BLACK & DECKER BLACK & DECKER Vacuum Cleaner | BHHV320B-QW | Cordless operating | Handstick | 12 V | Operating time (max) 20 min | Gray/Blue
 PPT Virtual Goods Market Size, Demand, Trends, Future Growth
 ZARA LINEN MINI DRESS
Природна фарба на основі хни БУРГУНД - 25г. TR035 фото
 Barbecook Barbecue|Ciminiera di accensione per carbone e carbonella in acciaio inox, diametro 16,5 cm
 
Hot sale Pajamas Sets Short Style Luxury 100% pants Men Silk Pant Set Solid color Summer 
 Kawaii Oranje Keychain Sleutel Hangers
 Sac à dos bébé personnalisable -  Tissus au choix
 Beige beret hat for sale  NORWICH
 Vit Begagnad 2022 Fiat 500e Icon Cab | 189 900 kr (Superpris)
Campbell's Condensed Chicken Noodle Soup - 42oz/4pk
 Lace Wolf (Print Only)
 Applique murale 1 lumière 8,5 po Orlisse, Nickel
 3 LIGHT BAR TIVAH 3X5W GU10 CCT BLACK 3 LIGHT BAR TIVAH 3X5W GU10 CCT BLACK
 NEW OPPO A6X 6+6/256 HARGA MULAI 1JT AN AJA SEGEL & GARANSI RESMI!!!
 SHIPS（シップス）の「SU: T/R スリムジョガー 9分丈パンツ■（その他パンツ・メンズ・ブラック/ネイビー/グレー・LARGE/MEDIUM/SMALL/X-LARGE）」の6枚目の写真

★ ★ ★ ★ ★ ★ ★

= Exercise directions =
The word "BLACK" appears in some lines of the data. Copy every one of those lines.

= Answer to the problem =
BLACK & DECKER BLACK & DECKER Vacuum Cleaner | BHHV320B-QW | Cordless operating | Handstick | 12 V | Operating time (max) 20 min | Gray/Blue
 3 LIGHT BAR TIVAH 3X5W GU10 CCT BLACK 3 LIGHT BAR TIVAH 3X5W GU10 CCT BLACK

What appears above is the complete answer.